Description of the work
A comprehensive knowledge base gathers relevant information to help scientists clarify their research questions and to validate operational tasks. However, building and populating such a knowledge base, with proper and detailed information resulting from different sources, is a challenge in itself. Although the information is usually accessible, e.g. in logs, it is not trivial to correlate pieces of data. Manual data collection is an error-prone task and requires enormous manpower, due to the amount of log registered by the processes. An automated solution is needed.
Our approach to build a knowledge base is a three-folded mechanism. First, the EbioCrawler is designed to gather automatically already existing logs that contain information generated by different application systems (e.g.
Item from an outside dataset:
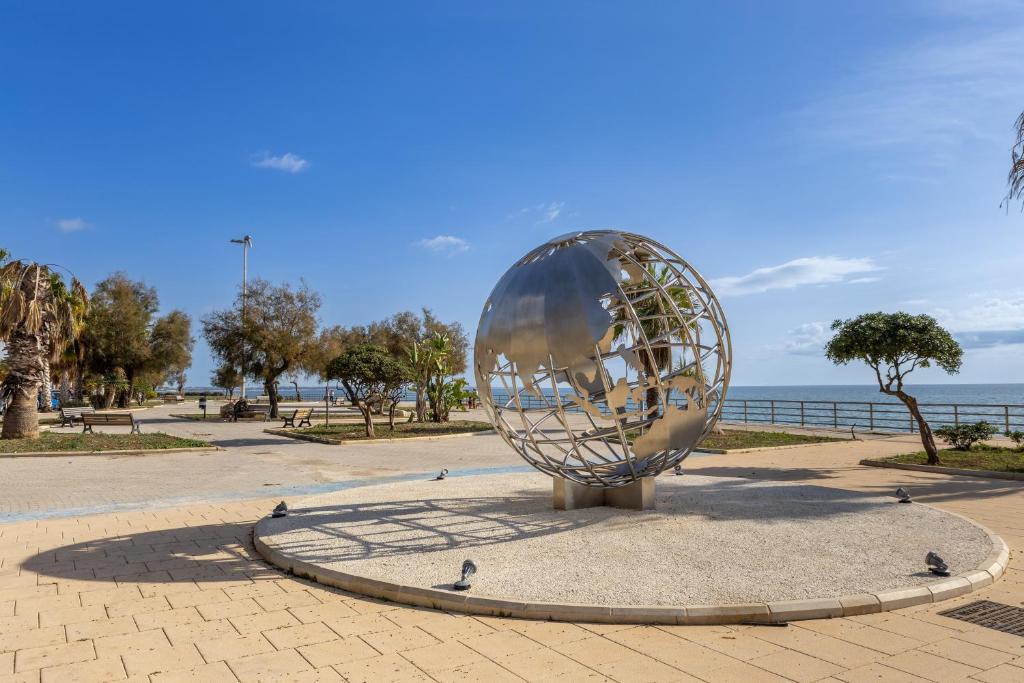 Общий вид на море или вид на море из апартаментов/квартиры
MOTEUR and DIANE), including workflow descriptions and execution reports, system outputs, communication accounts and status reports. Secondly, a provenance repository is built around the notion of graphs outlined by the OPM model. The repository is defined using a relational database schema that captures the concepts of the OPM model but extending it to support Events. Event-driven systems are common in scientific environments, but their provenance is not well captured by the OPM alone. The provenance data collected by the EbioCrawler is stored into the repository using the Application Program Interface (API) from the Provenance Layer Infrastructure for E-Science Resources(PLIER), allowing developers to build, store and share (by XML serialization) graphs using the OPM model.
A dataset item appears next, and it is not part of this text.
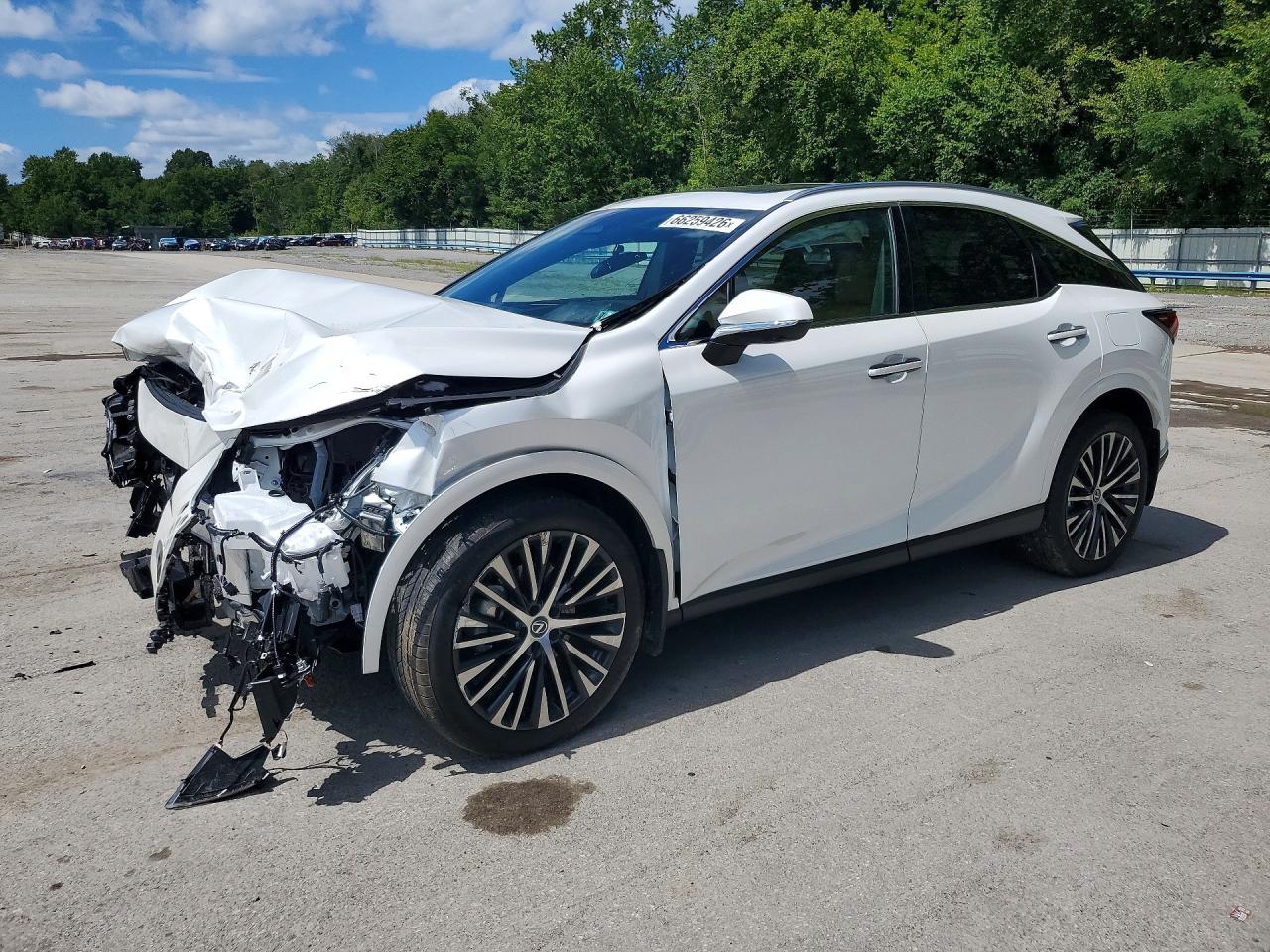 2024 LEXUS RX 350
The third mechanism enables the analysis of the provenance data. Using the homogeneous view of the information in the repository based on the OPM ontology, the provenance can be now transformed, or serialized, into specific formats (RDF, XML, etc.) or other representations. Examples of viewing mechanisms are a graphical interface to analyze the provenance graphs and a query interface to find events of interest.
The knowledge base for e-Bioinfra was achieved by implementing OPM and DC data models into a relational database management system. The rich and complex data available within the e-Bioinfra application were challenging enough to test and validate our approach. These data relates to a few thousands of scientific experiments, which have been performed using Moteur/Diane workflow system.
Provenance data for e-Bioinfra, including workflows description and logs files, is collected automatically from the various e-bioinfra components and transformed into a knowledge base repository. This knowledge base can be accessed for analysis of the experiment provenance in various forms (e.g. GUI for provenance graphs)
Although establishing the knowledge base is fundamentally for documentation, specific tools are needed to be implemented in order to better explore the information in the knowledge base. Each tools could be tailored to the specific need of the application domain and the type of users.